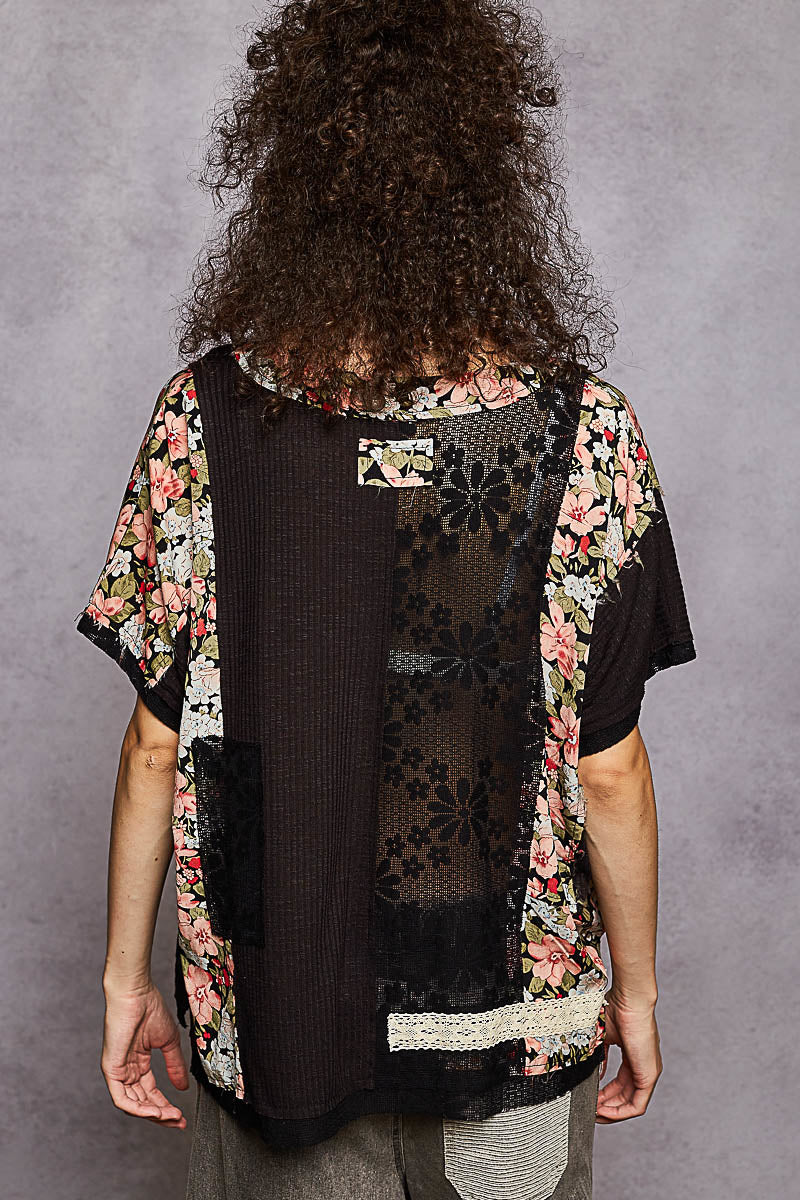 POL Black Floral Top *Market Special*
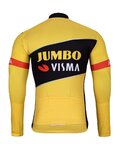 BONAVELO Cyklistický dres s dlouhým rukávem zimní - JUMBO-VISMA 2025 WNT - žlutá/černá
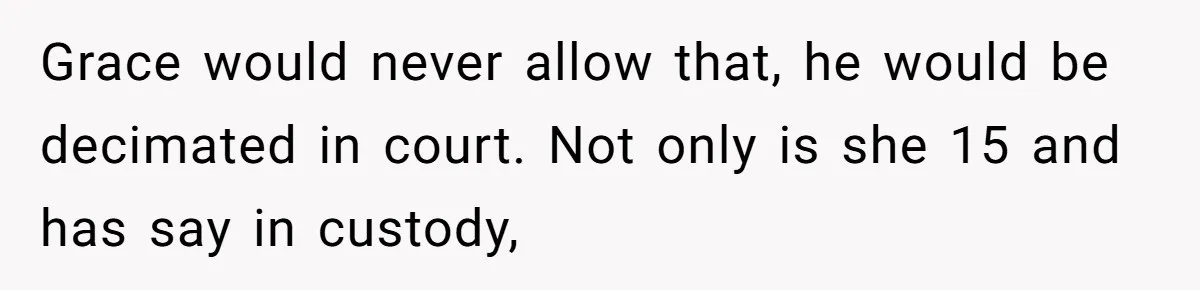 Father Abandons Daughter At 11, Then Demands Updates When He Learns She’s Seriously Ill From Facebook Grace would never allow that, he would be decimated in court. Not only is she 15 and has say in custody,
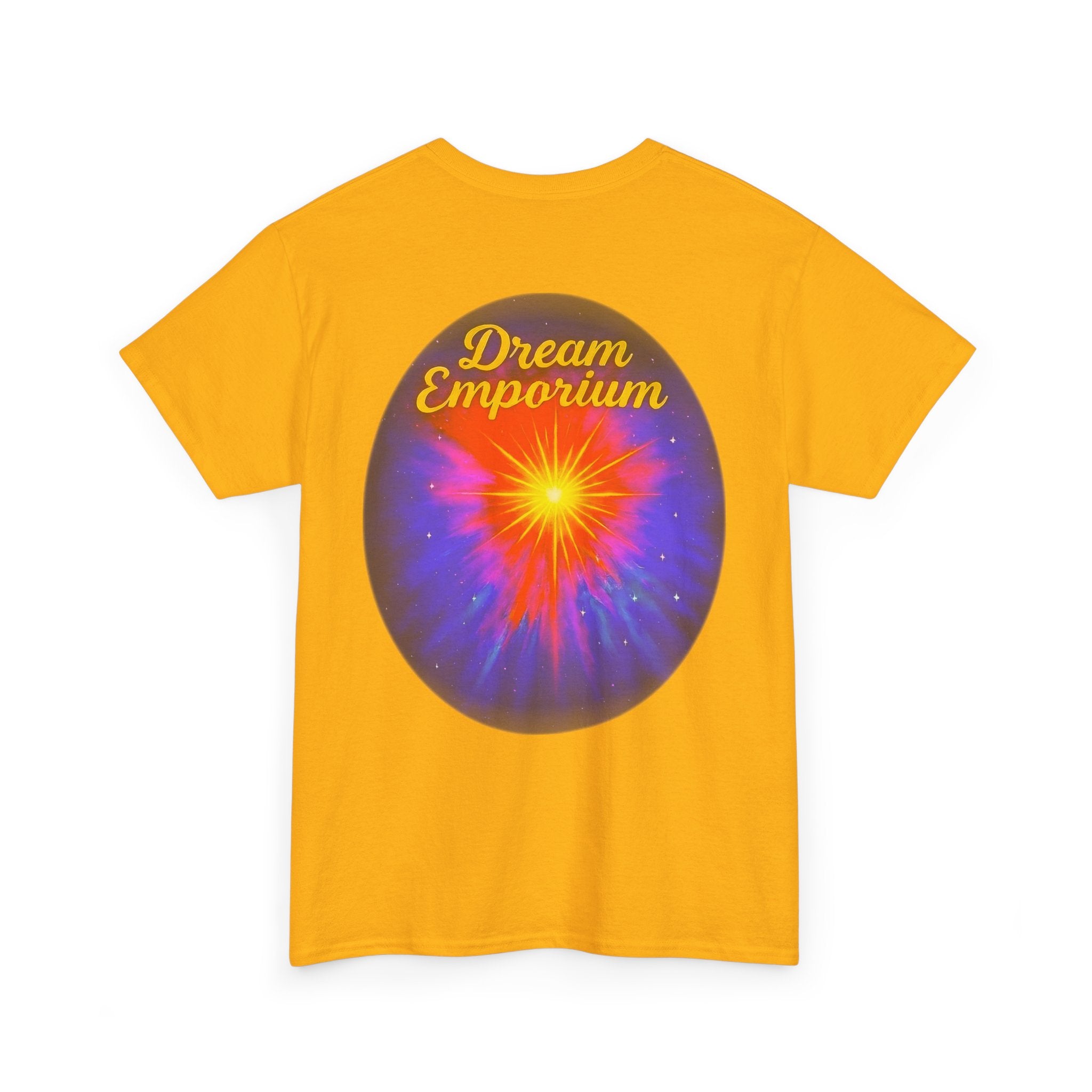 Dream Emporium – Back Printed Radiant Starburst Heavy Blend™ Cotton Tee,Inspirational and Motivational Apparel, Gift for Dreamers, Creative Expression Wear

======

### EXERCISE DIRECTIONS
Reproduce the listing exactly. Do not include its images.

### EXERCISE RESPONSE
 POL Black Floral Top *Market Special*
 BONAVELO Cyklistický dres s dlouhým rukávem zimní - JUMBO-VISMA 2025 WNT - žlutá/černá
 Father Abandons Daughter At 11, Then Demands Updates When He Learns She’s Seriously Ill From Facebook Grace would never allow that, he would be decimated in court. Not only is she 15 and has say in custody,
 Dream Emporium – Back Printed Radiant Starburst Heavy Blend™ Cotton Tee,Inspirational and Motivational Apparel, Gift for Dreamers, Creative Expression Wear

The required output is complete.